__Exercise data__:
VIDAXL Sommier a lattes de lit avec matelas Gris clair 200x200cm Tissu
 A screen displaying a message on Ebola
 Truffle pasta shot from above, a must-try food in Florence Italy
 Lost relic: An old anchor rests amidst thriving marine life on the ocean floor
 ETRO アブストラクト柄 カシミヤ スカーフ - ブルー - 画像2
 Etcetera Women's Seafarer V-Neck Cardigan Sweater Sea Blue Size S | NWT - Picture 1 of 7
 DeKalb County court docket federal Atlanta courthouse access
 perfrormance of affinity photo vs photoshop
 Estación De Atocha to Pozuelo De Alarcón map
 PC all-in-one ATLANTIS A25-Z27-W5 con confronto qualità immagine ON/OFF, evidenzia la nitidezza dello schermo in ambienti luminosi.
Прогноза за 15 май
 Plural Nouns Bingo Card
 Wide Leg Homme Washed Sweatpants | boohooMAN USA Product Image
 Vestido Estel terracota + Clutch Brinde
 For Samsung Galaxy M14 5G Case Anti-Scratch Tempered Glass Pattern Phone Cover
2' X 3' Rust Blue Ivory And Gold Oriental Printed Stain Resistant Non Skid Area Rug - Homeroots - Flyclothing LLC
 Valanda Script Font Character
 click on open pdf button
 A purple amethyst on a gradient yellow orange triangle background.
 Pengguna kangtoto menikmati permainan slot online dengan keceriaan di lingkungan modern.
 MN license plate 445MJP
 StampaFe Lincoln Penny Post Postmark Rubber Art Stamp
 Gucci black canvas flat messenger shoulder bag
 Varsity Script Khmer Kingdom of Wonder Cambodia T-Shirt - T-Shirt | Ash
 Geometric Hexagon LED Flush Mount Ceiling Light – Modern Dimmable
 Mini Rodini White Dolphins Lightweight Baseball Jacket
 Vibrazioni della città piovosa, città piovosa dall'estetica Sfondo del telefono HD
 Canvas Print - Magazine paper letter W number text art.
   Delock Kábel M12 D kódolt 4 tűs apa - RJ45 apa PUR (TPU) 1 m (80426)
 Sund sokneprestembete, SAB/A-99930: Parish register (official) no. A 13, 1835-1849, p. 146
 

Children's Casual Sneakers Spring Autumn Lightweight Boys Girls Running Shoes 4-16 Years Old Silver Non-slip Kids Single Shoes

__Prompt__: Go through the data above and copy each line in which "Lightweight" appears.

__Response box__:
 Mini Rodini White Dolphins Lightweight Baseball Jacket
Children's Casual Sneakers Spring Autumn Lightweight Boys Girls Running Shoes 4-16 Years Old Silver Non-slip Kids Single Shoes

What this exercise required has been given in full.